The observation of gravitational waves in the early universe, a place called the cosmic microwave background, seems to have been an error. This represented the first direct evidence for gravitational waves in the B-mode polarization of the quantum fluctuations of the CMB
. The oval view of the whole sky represents the plane of the Milky Way, which is our galaxy and spans across the center. The microwave fluctuations represent +/- 0.03% of the 2.7 degree Kelvin temperature in the very early universe right after hydrogen was born.
They have selected a region of the sky and looked at the polarization of these microwave fluctuations very carefully (see Carroll's blog
). These B-mode polarization waves shown below represent just 100 ppb of the 2.7 K CMB temperature, and can only be due to gravity waves and not to charge waves. The really amazing thing about this gravity wave polarization is not so much that it exists, it is that a gravity wave was this strong in the first place.
Gravity force is 1 part in 1e39th power of charge force in our neck of the woods, which is really, really small and makes gravity waves very, very difficult to observe in our galaxy or even in our nearby galaxies. However, the gravity wave in the CMB is just 0.2 or 1 part in five of the charge wave E-mode polarization that is due largely to charge force.
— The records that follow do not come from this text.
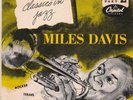 Miles Davis - alte 4 Track EP - Rarität    -7 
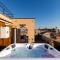 VIVILO ROMA TREVI - LUXURY EXPERIENCE - PRIVATE JACUZZI on TERRACE - INSANE VIEW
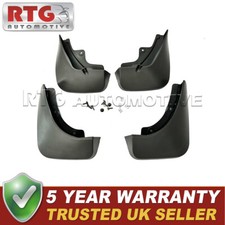 Tailored Mud Flaps Set of 4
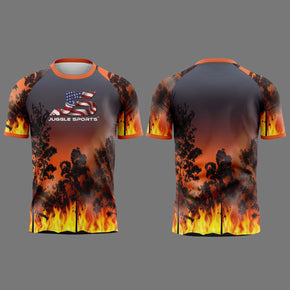 Sublimation Shirts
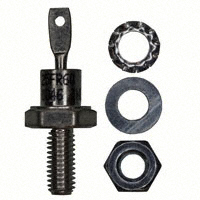 Vishay Semiconductor Diodes Division - VS-25FR60 - DIODE GEN PURP 600V 25A DO203AA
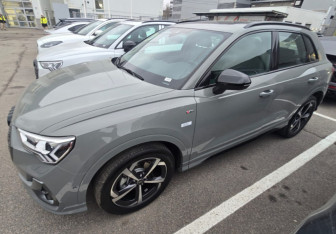 Новый Audi Q3 2025 (2 фото)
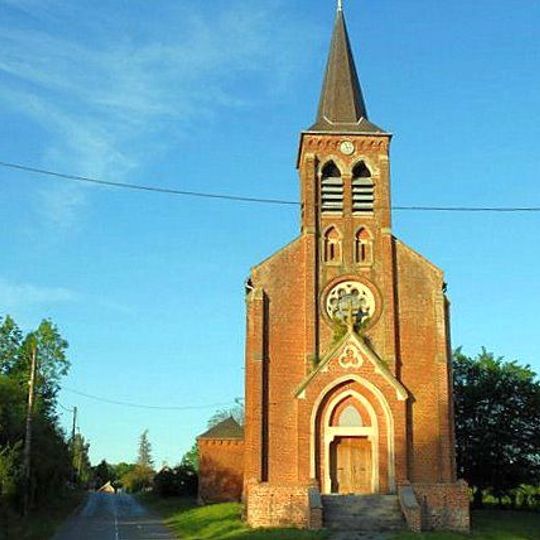 Église de la Rue-Lagasse d'Englancourt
So now science gets to explain why gravity force was only a factor of five different from charge force in the early universe, but hugely different now gravity force is only one part of ten to the 39th power that of charge force...this is very cool...
Oops...now they want to take their gravity waves back.
Big Bang blunder bursts the multiverse bubble
Premature hype over gravitational waves highlights gaping holes in models for the origins and evolution of the Universe, argues Paul Steinhardt.
03 June 2014
Oh dear, easy come, easy go...